GIVEN RECORDS =

★ ★ ★ ★ ★ ★ ★

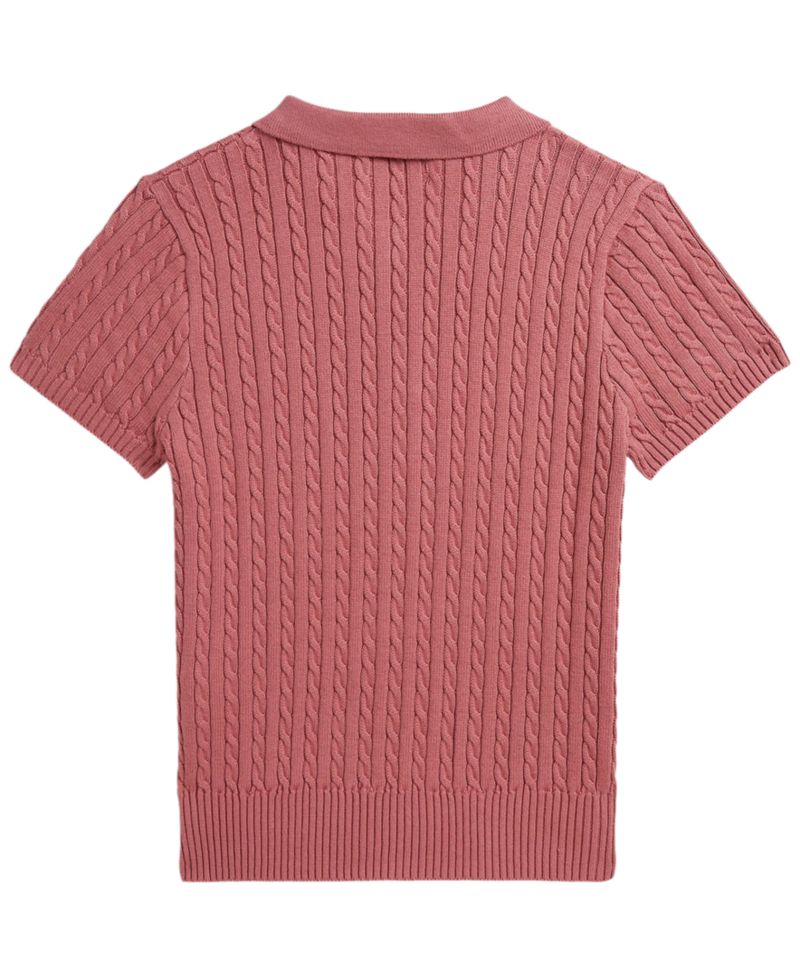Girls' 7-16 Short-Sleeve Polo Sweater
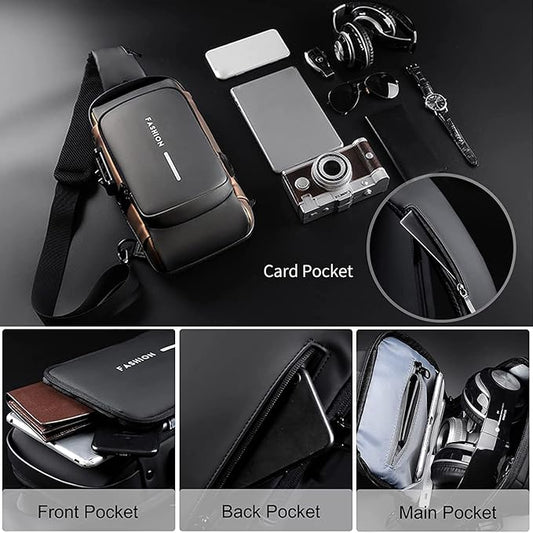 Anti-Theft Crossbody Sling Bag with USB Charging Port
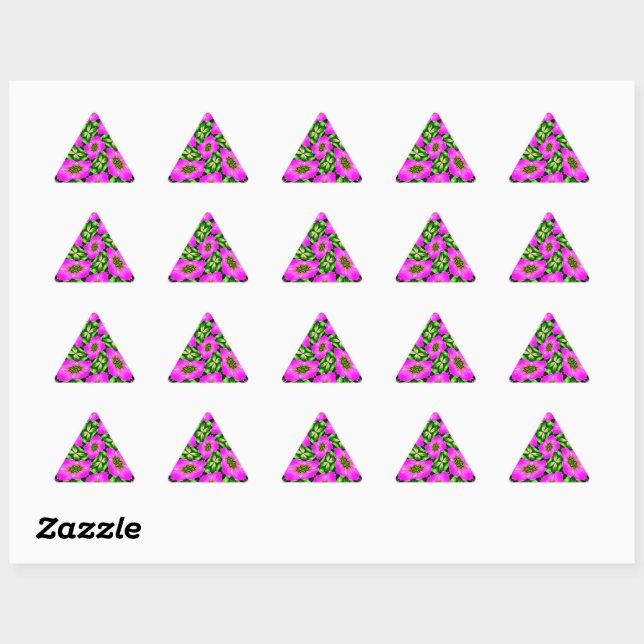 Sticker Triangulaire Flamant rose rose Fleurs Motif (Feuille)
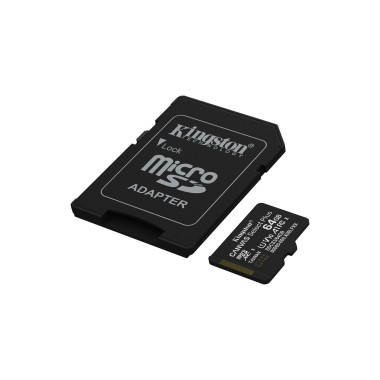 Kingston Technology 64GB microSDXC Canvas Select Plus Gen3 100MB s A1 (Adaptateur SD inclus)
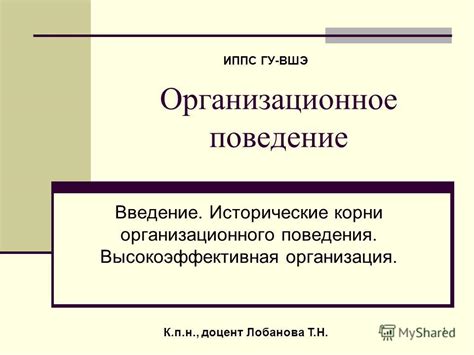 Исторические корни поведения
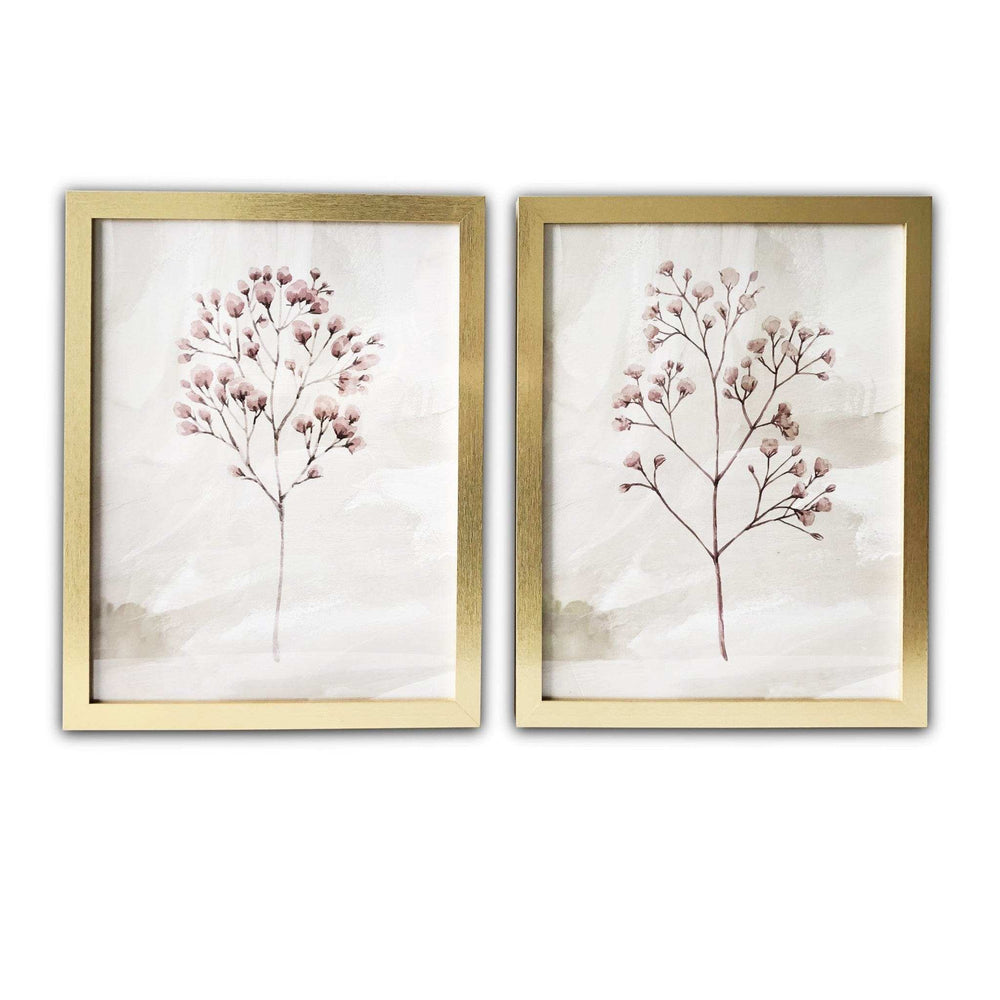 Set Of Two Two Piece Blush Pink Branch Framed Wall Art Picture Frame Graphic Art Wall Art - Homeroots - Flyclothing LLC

★ ★ ★ ★ ★ ★ ★

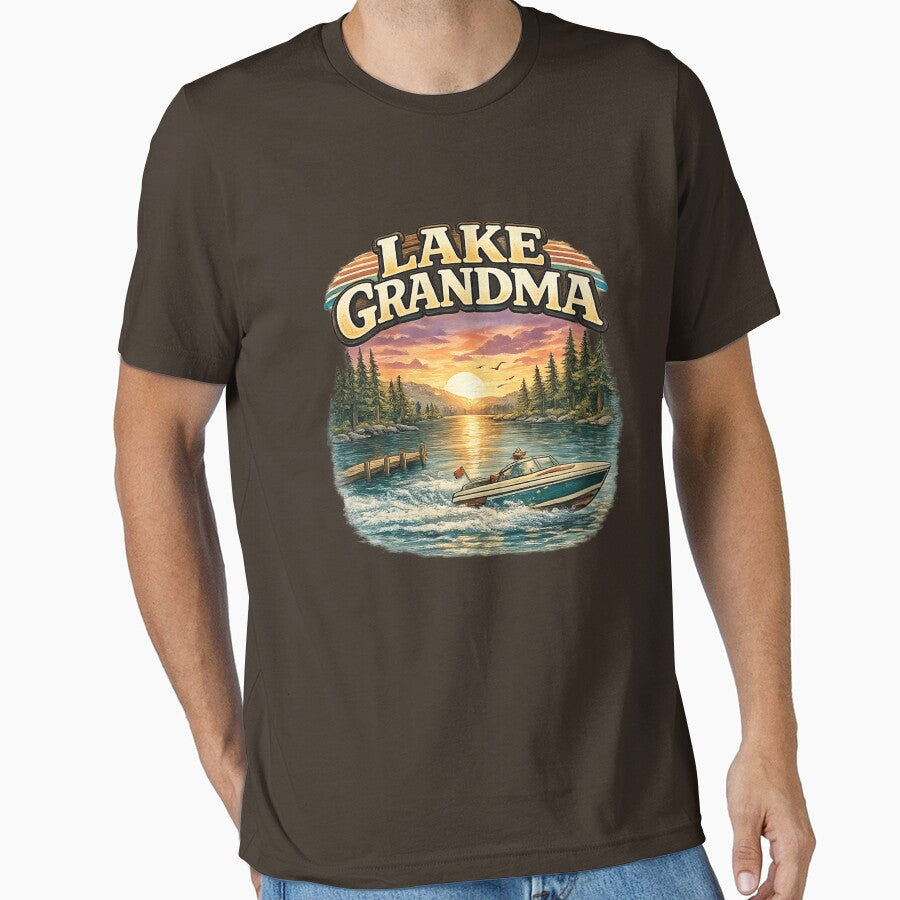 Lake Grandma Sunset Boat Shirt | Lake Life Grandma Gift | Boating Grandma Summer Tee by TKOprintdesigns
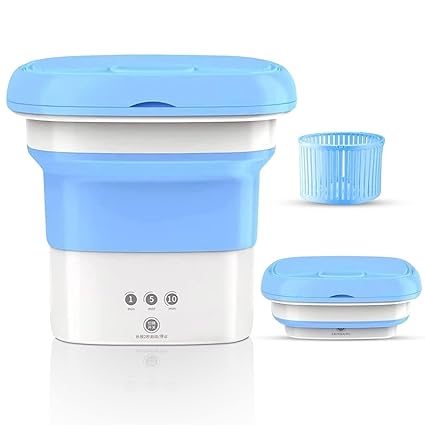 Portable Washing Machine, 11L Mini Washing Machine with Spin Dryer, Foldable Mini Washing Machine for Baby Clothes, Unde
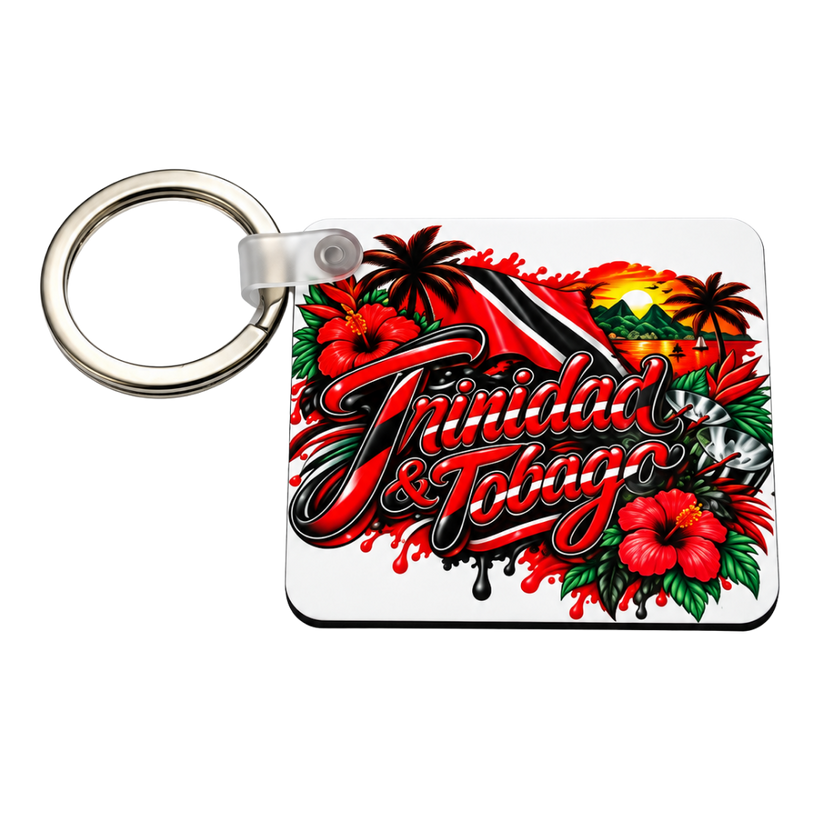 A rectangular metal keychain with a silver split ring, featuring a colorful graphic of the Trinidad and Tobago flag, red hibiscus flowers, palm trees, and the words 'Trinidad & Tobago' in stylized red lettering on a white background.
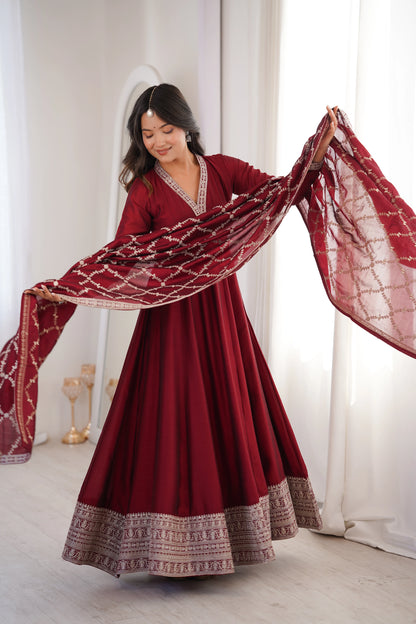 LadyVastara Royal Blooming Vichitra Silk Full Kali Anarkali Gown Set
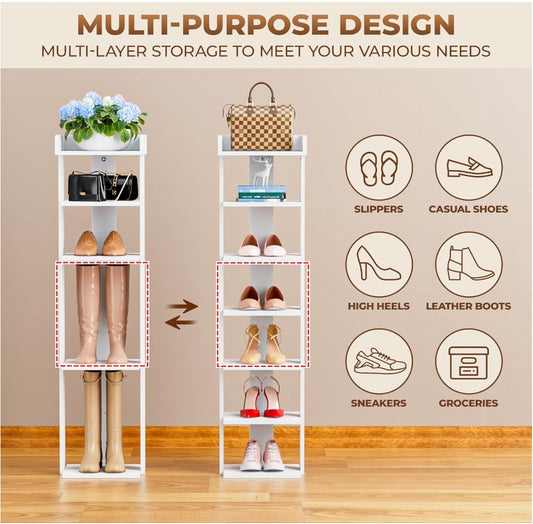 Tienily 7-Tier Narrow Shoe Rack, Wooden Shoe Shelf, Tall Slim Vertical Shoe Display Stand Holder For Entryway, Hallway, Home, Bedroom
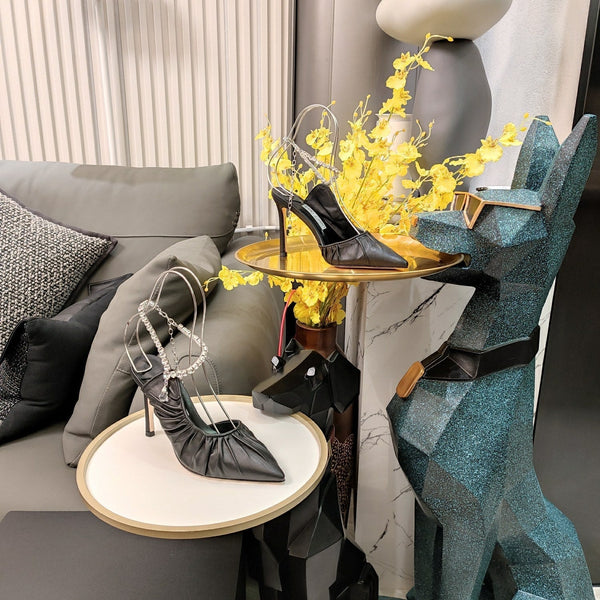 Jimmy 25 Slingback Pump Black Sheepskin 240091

★ ★ ★ ★ ★ ★ ★

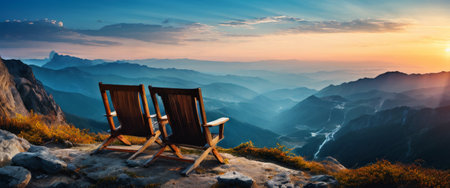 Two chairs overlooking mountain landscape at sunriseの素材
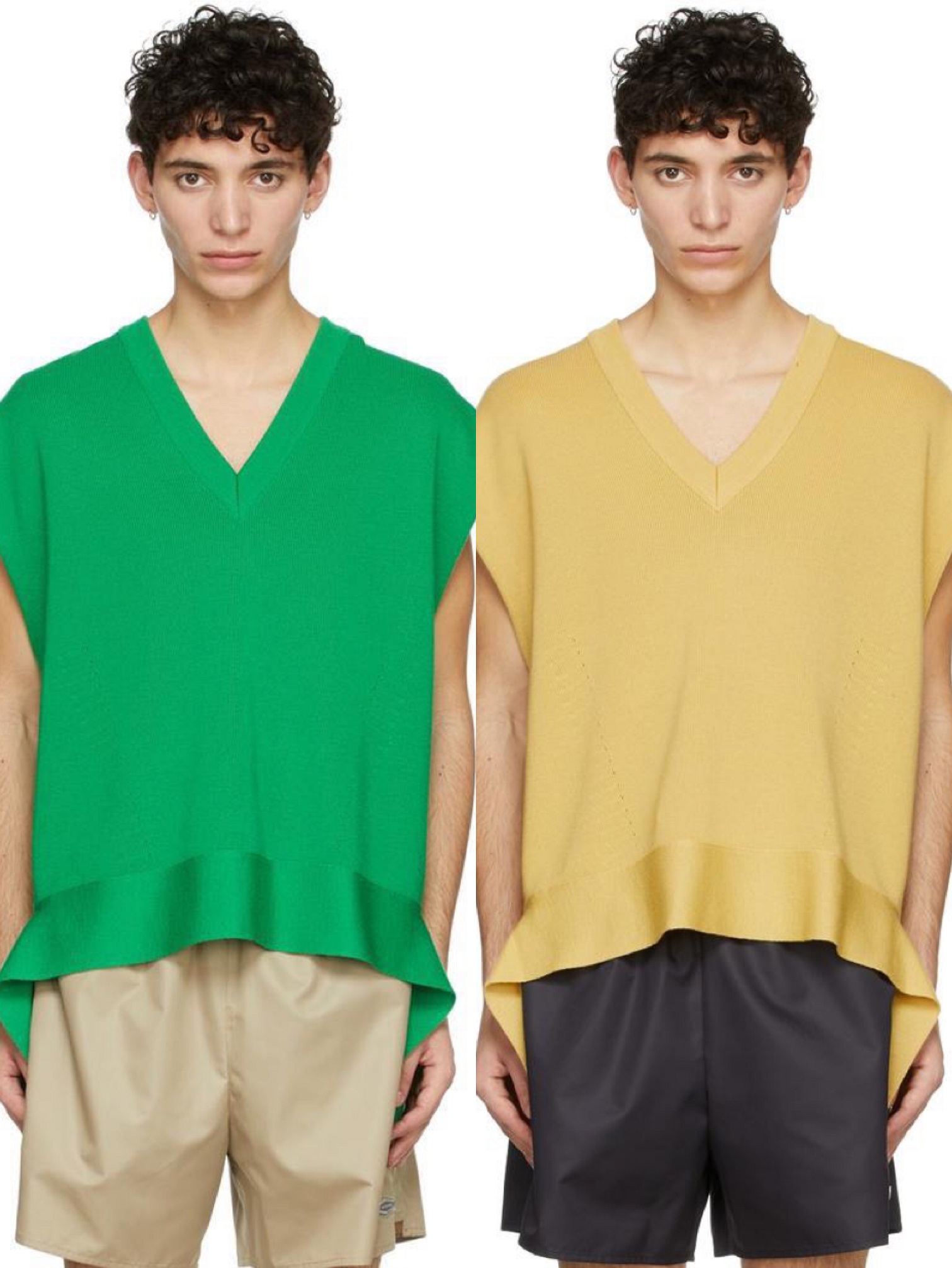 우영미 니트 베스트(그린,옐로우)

★ ★ ★ ★ ★ ★ ★

TASK DIRECTIONS =
Copy word for word the lines of the records above from the one with "LadyVastara Royal Blooming" up to and including the one with "Jimmy 25 Slingback". Skip the pictures.

OUTPUT OF THE TASK =
 LadyVastara Royal Blooming Vichitra Silk Full Kali Anarkali Gown Set
 Tienily 7-Tier Narrow Shoe Rack, Wooden Shoe Shelf, Tall Slim Vertical Shoe Display Stand Holder For Entryway, Hallway, Home, Bedroom
 Jimmy 25 Slingback Pump Black Sheepskin 240091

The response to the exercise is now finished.